--- What you need to do ---
Exactly and only the lines from the line holding "Coque Contour Silicone" to the end of the records should be reproduced. Leave pictures out.

--- Dataset excerpts ---
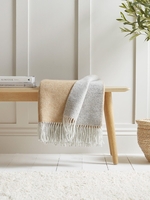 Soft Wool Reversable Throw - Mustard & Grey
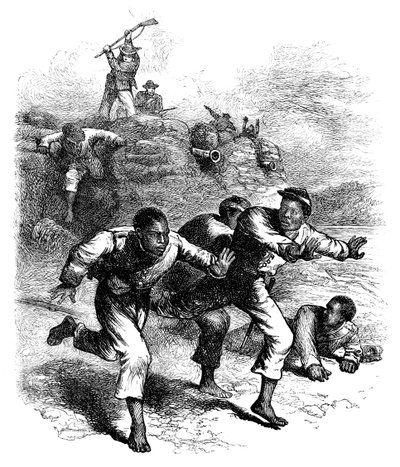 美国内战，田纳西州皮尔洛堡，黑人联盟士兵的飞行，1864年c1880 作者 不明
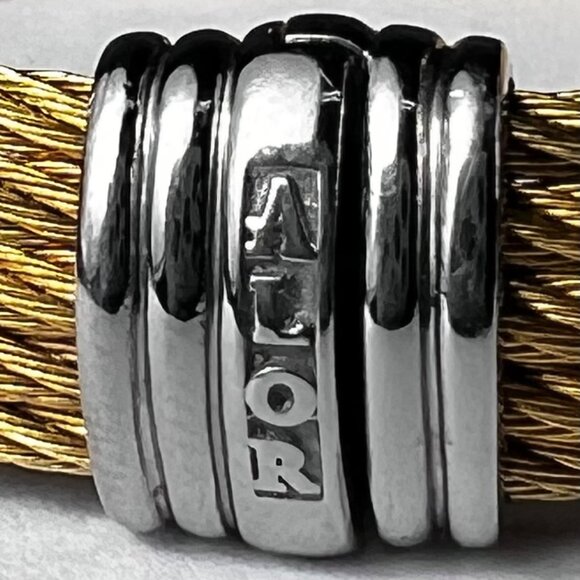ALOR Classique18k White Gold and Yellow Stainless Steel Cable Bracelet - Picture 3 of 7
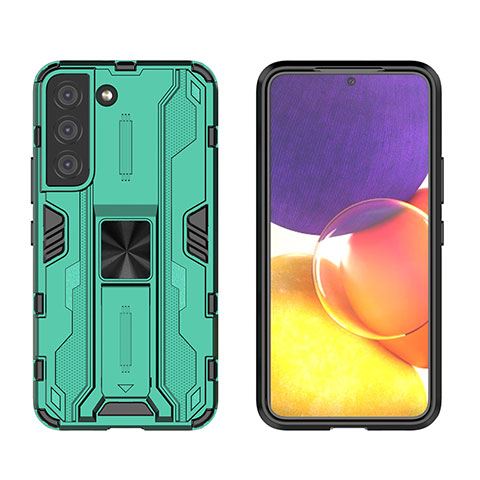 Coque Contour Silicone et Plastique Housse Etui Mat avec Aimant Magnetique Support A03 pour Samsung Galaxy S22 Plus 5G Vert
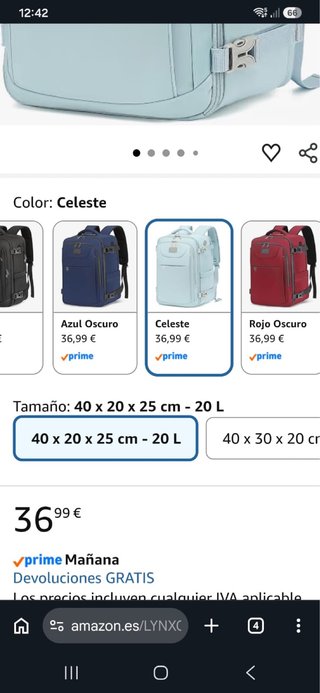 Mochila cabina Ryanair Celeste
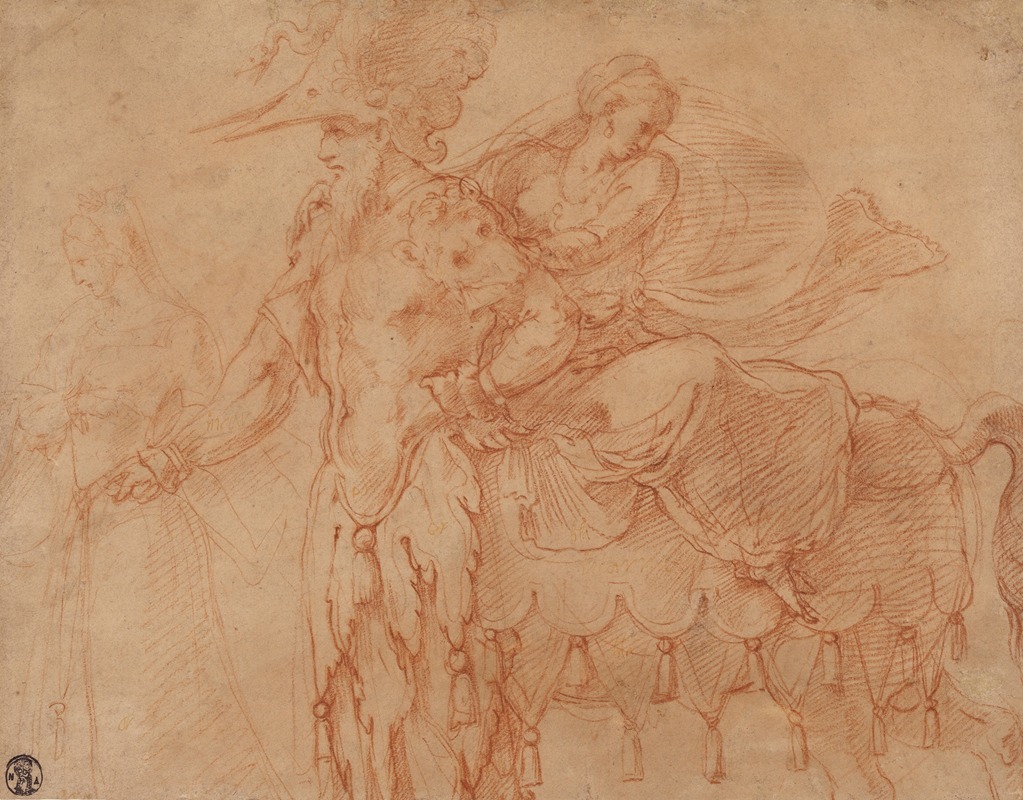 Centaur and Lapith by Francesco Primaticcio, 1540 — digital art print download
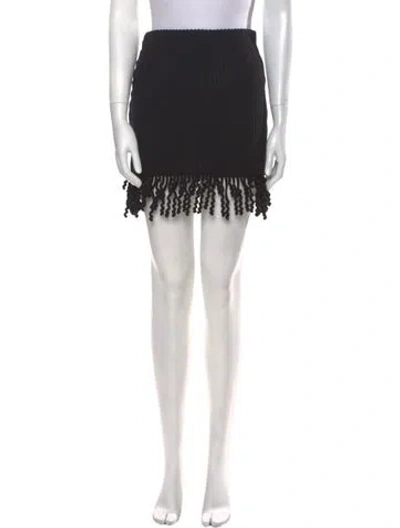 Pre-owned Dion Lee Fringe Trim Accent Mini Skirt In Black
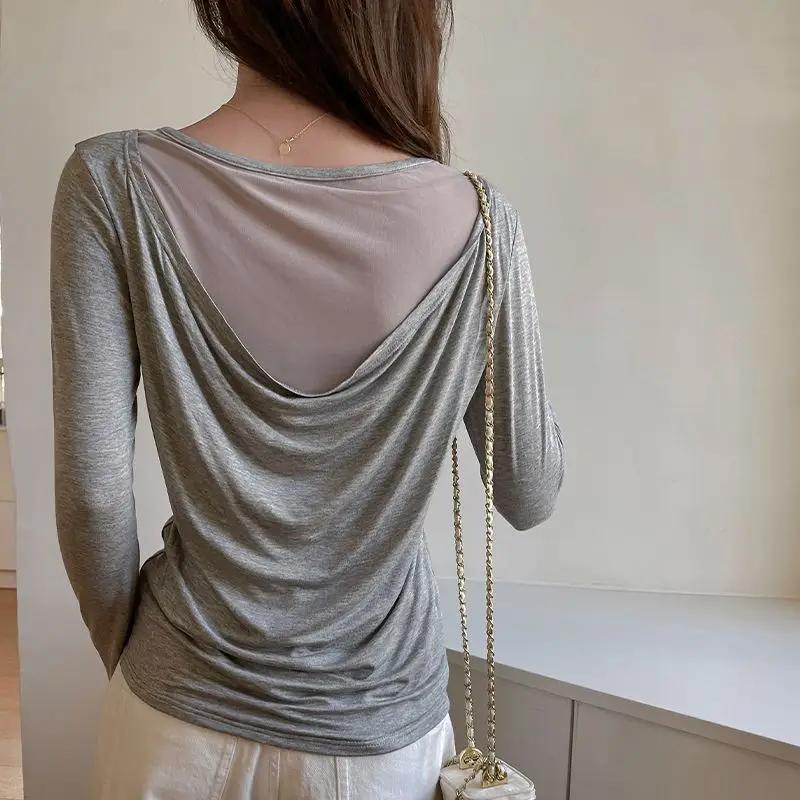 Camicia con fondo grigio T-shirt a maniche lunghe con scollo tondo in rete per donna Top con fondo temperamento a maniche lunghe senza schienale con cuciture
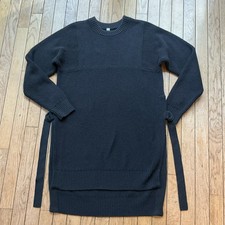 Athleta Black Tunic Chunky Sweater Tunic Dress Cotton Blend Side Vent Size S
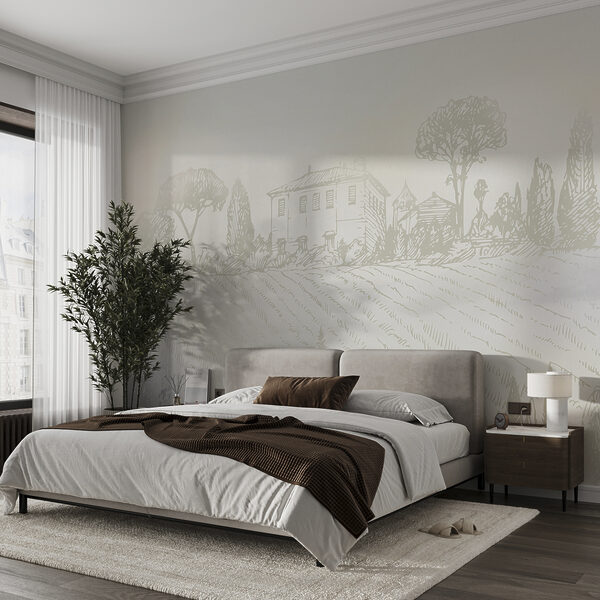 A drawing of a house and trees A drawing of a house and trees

--- Answer box ---
 Coque Contour Silicone et Plastique Housse Etui Mat avec Aimant Magnetique Support A03 pour Samsung Galaxy S22 Plus 5G Vert
 Mochila cabina Ryanair Celeste
 Centaur and Lapith by Francesco Primaticcio, 1540 — digital art print download
 Pre-owned Dion Lee Fringe Trim Accent Mini Skirt In Black
 Camicia con fondo grigio T-shirt a maniche lunghe con scollo tondo in rete per donna Top con fondo temperamento a maniche lunghe senza schienale con cuciture
 Athleta Black Tunic Chunky Sweater Tunic Dress Cotton Blend Side Vent Size S
 A drawing of a house and trees A drawing of a house and trees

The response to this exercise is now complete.